▶ **TASK DESCRIPTION**: If a record holds a picture, leave the picture out and print everything else exactly.

>>>

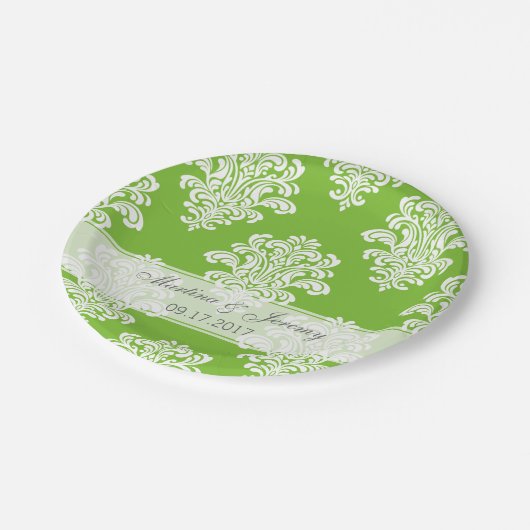 Weißer Damast, beliebiger Farbhintergrund Pappteller (Schrägansicht)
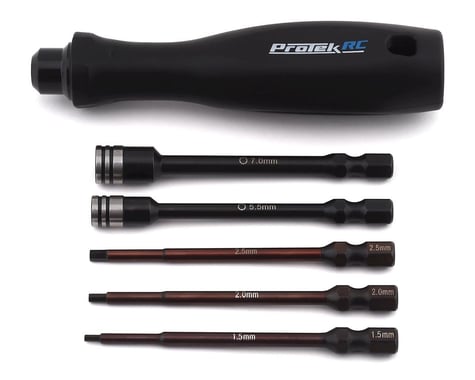 ProTek RC "TruTorque" 5-Piece 1/4" Drive Hex & Nut Driver Set (1.5, 2.0, 2.5mm Hex & 5.5, 7mm Nut Driver), PTK-8462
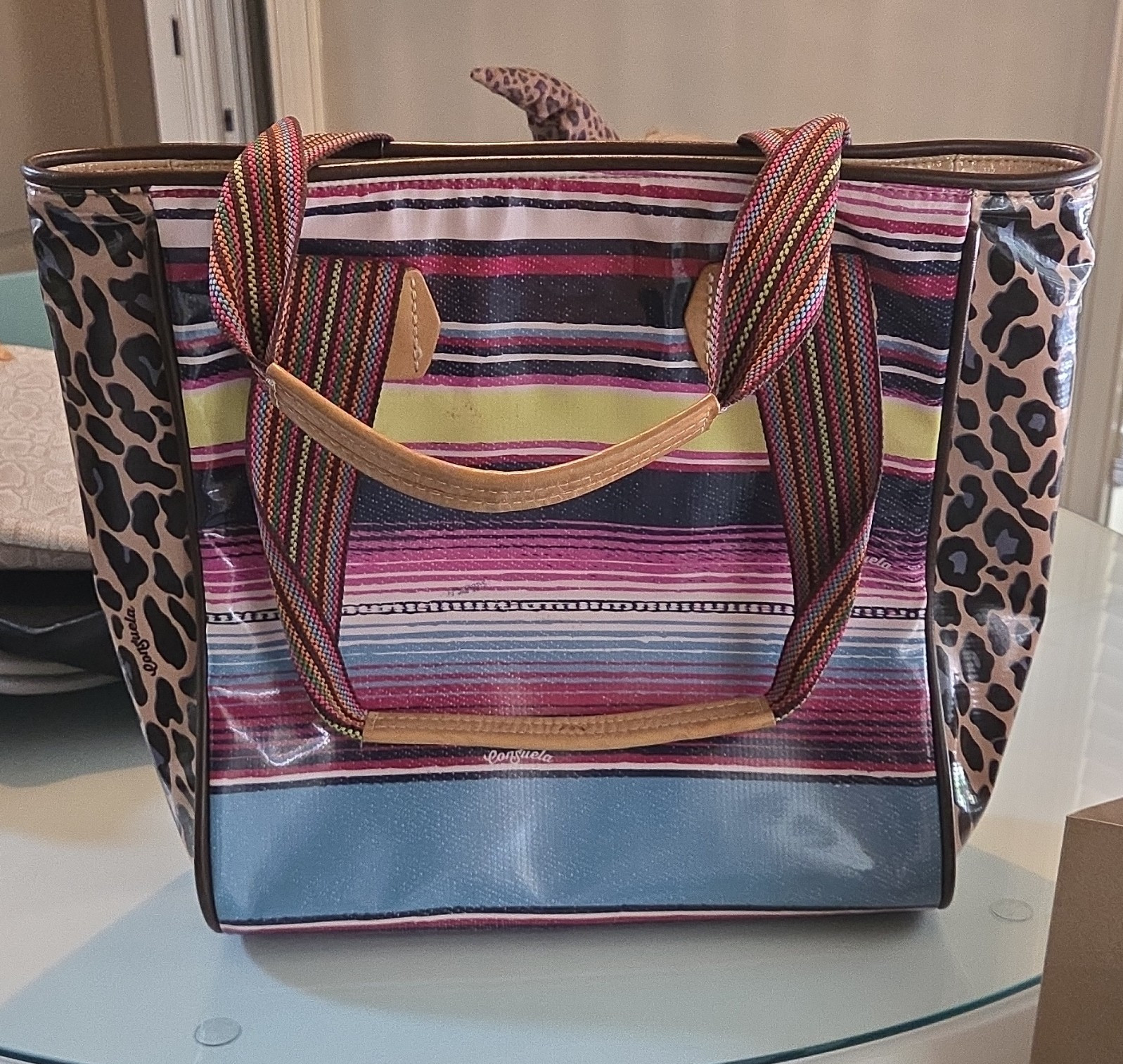 Consuela Multicolor Striped Tote Bag Leopard Accents Detachable Strap Pockets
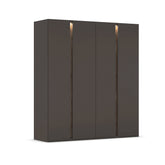 Larisa Graphite & Atlantic Oak Hinged 4 Door Wardrobe - Pendle Village Furniture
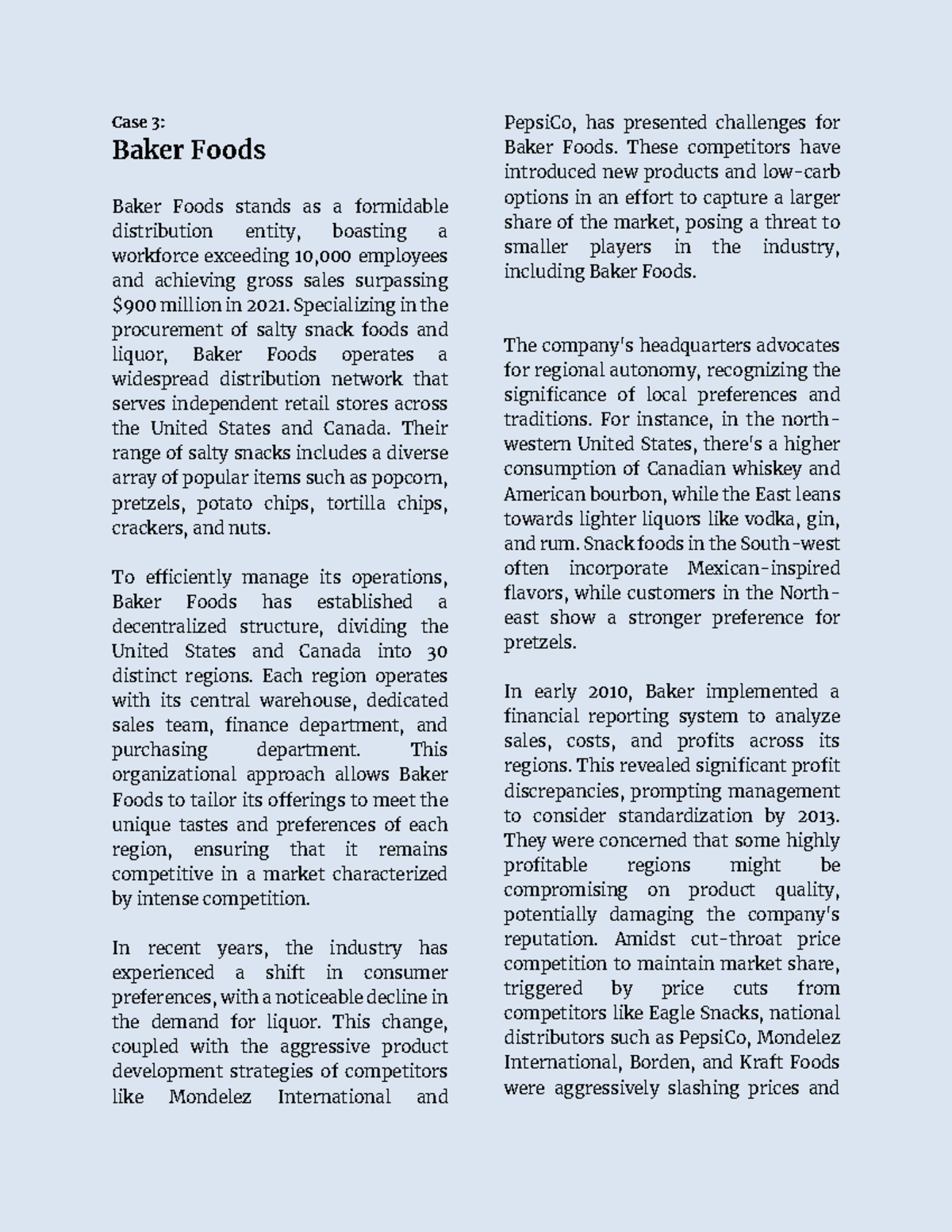 Case 3 - Baker Foods - Case Study - Case 3: Baker Foods Baker Foods ...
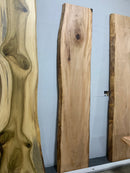  Live edge sycamore wood slab with natural grain and satin finish
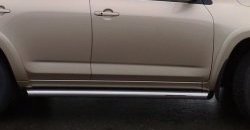 70 999 р. Защита порогов Russtal из круглой трубы диаметром 63 мм Toyota RAV4 XA30 5 дв. удлиненный дорестайлинг (2003-2008) (Защита порогов с со скосами на торцах (вариант 1))  с доставкой в г. Вологда. Увеличить фотографию 2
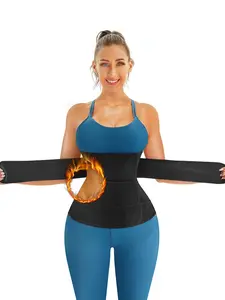 Thermoplastic Rubber Sweat Belt, Dual Velcro Pressure Waist Cincher, 7 Steel Bones Shapewear, Sporty Style, Women's Bodyshaper, Underwear
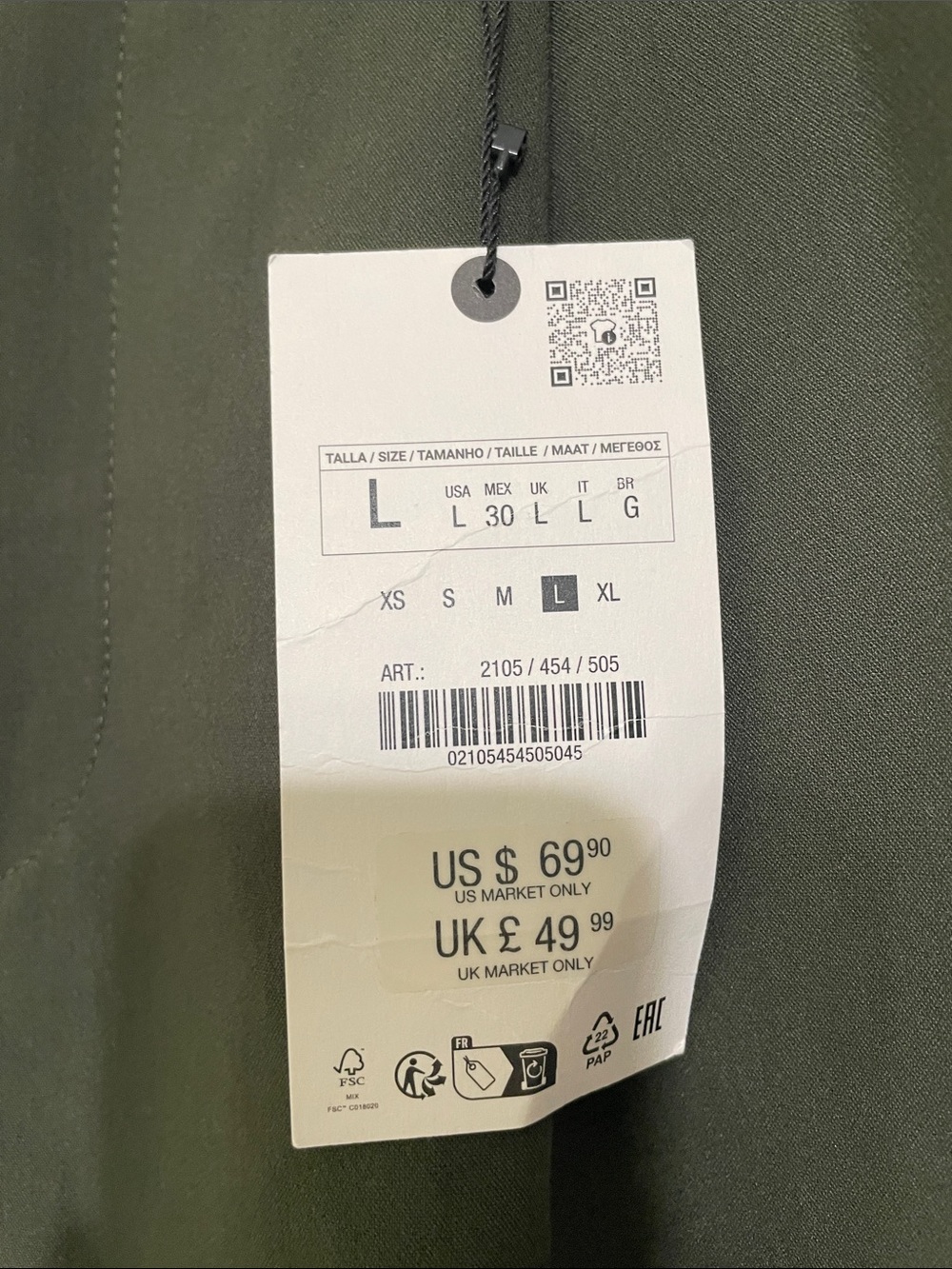 Zara  Olive Pleated Cuffed barrel pants - Picture 5 of 10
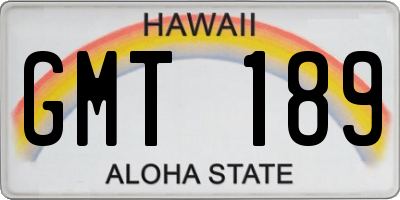 HI license plate GMT189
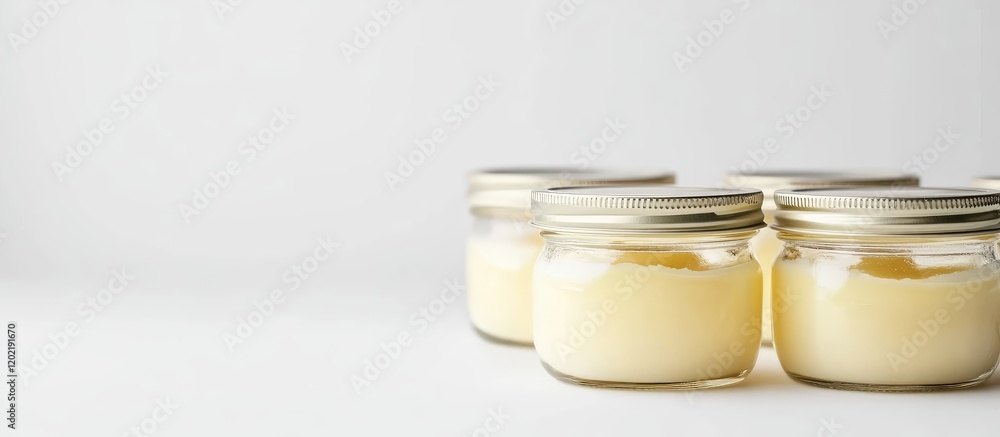 Poster Assorted glass jars of cream or custard on a light background with ample copy space for text placement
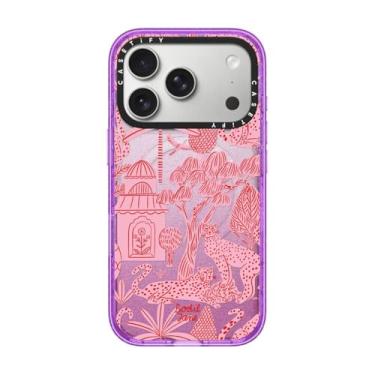 Imagem de CASETiFY Capa Impact para iPhone 17 Pro [fina/compatível com Magsafe/2,5 m. Proteção contra quedas de grau militar 4X] - Cheetah Paradise Pink - Glitter Purple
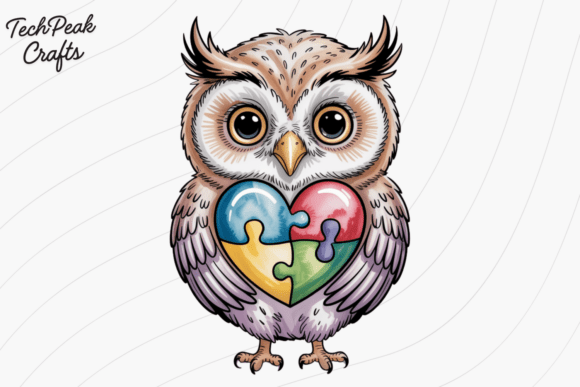 Spread Love and Awareness with the Autism Awareness Owl PNG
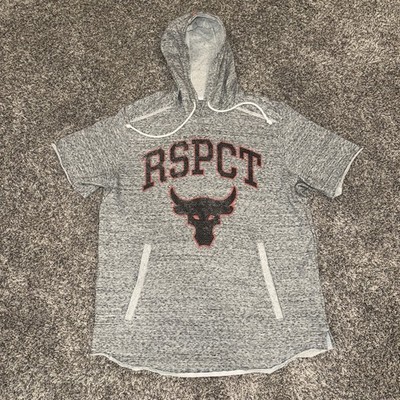 Under Armour Hoodie Mens Medium Project Rock RSPCT Short Sleeve Brahma Bull Logo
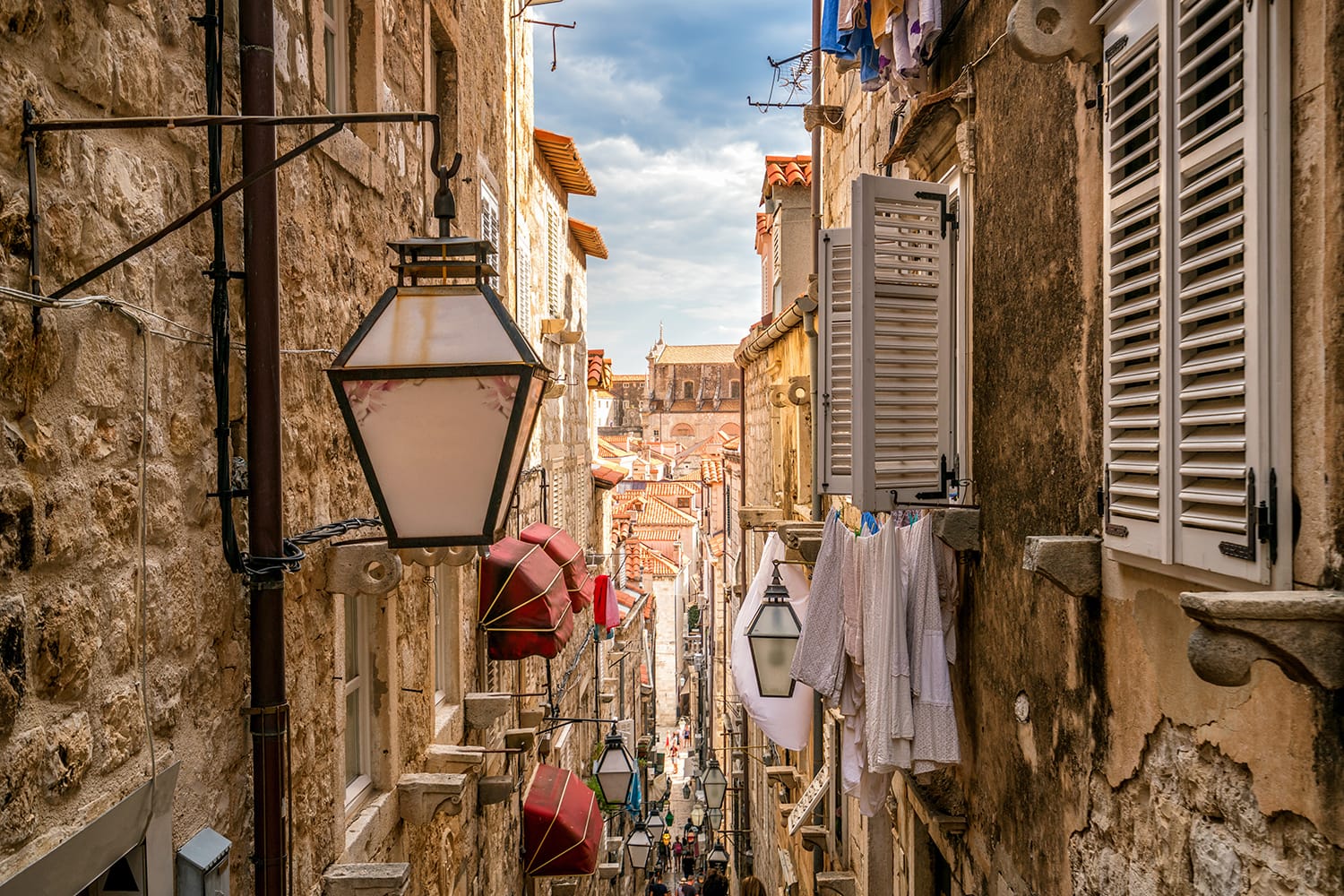 Famous narrow alley of Dubrovnik old town in Croatia
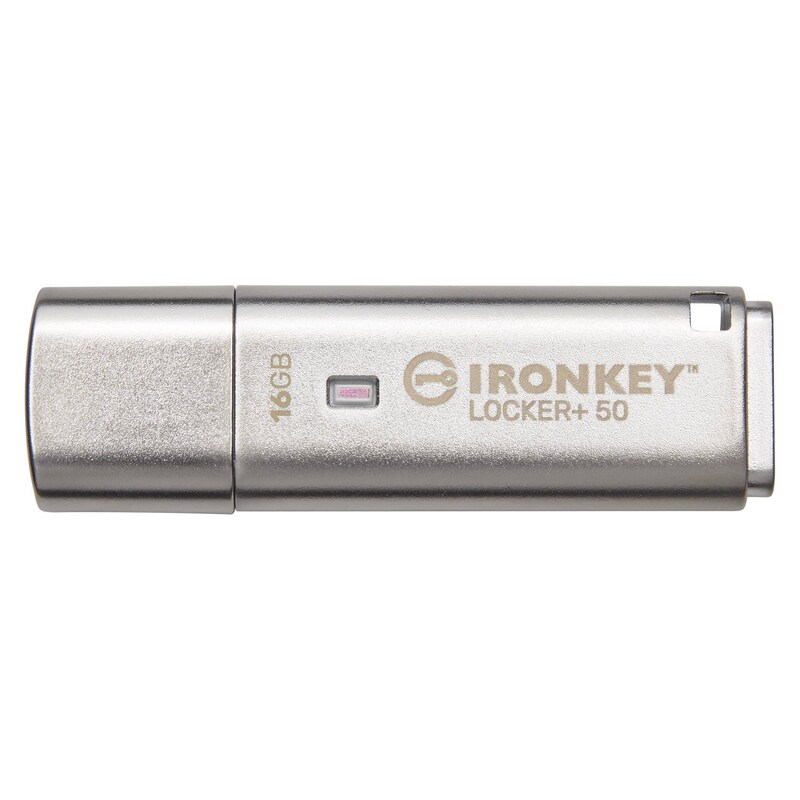 Kingston 16 GB IronKey Locker+ 50 Verschlüsselter USB-Stick Metall USB 3.2 Gen1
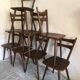 Set of 8 vintage chairs 1960 in beech compass feet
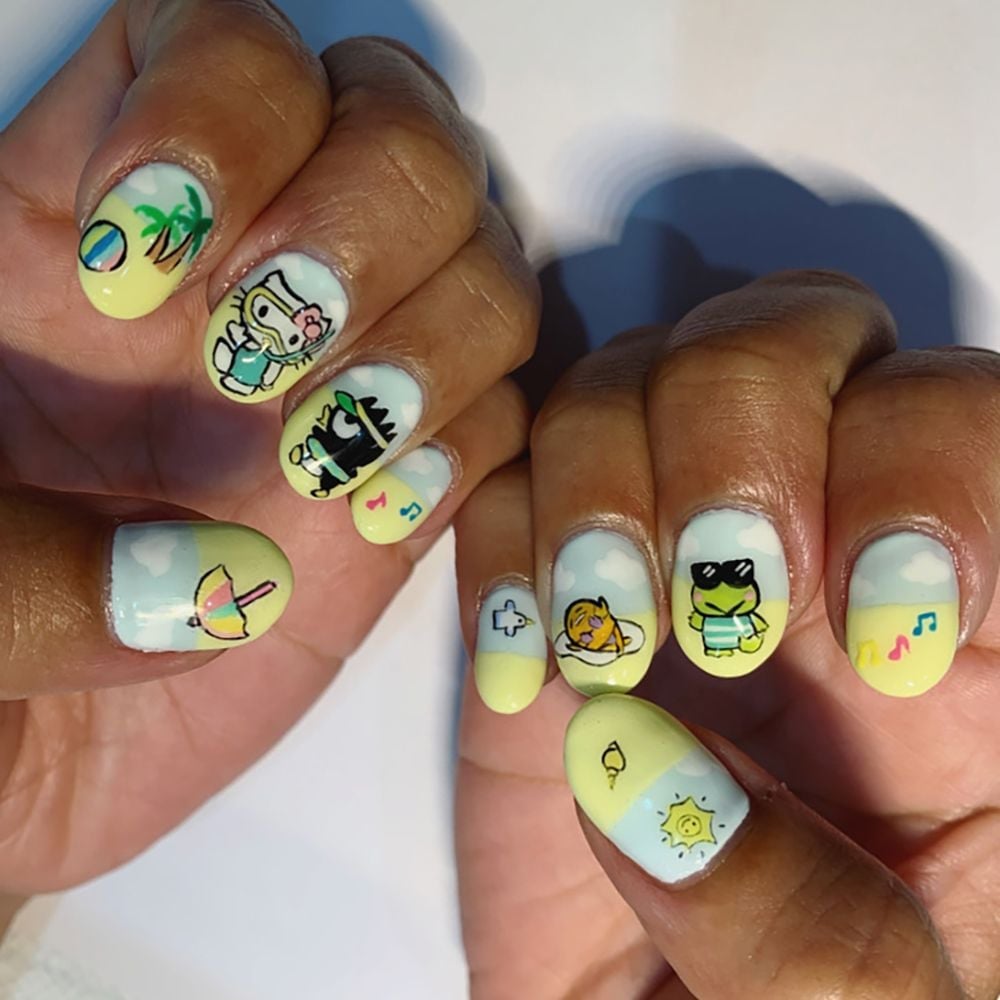 Short Oval Nails With Anime Characters And Summer Motifs Short Oval Nails With Anime Characters And Summer Motifs — Simple Kawaii Nails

<<<

▶ **ANSWER TO THE PROBLEM**:
 Weißer Damast, beliebiger Farbhintergrund Pappteller (Schrägansicht)
 ProTek RC "TruTorque" 5-Piece 1/4" Drive Hex & Nut Driver Set (1.5, 2.0, 2.5mm Hex & 5.5, 7mm Nut Driver), PTK-8462
 Consuela Multicolor Striped Tote Bag Leopard Accents Detachable Strap Pockets
 Larisa Graphite & Atlantic Oak Hinged 4 Door Wardrobe - Pendle Village Furniture
 Case 3 - Baker Foods - Case Study - Case 3: Baker Foods Baker Foods ...
  Live edge sycamore wood slab with natural grain and satin finish
 70 999 р. Защита порогов Russtal из круглой трубы диаметром 63 мм Toyota RAV4 XA30 5 дв. удлиненный дорестайлинг (2003-2008) (Защита порогов с со скосами на торцах (вариант 1))  с доставкой в г. Вологда. Увеличить фотографию 2
 Thermoplastic Rubber Sweat Belt, Dual Velcro Pressure Waist Cincher, 7 Steel Bones Shapewear, Sporty Style, Women's Bodyshaper, Underwear
 Zara  Olive Pleated Cuffed barrel pants - Picture 5 of 10
 HI license plate GMT189
 Poster Assorted glass jars of cream or custard on a light background with ample copy space for text placement
 Imagem de CASETiFY Capa Impact para iPhone 17 Pro [fina/compatível com Magsafe/2,5 m. Proteção contra quedas de grau militar 4X] - Cheetah Paradise Pink - Glitter Purple
 Spread Love and Awareness with the Autism Awareness Owl PNG
 Under Armour Hoodie Mens Medium Project Rock RSPCT Short Sleeve Brahma Bull Logo
 Famous narrow alley of Dubrovnik old town in Croatia
 Kingston 16 GB IronKey Locker+ 50 Verschlüsselter USB-Stick Metall USB 3.2 Gen1
 Set of 8 vintage chairs 1960 in beech compass feet
 Short Oval Nails With Anime Characters And Summer Motifs Short Oval Nails With Anime Characters And Summer Motifs — Simple Kawaii Nails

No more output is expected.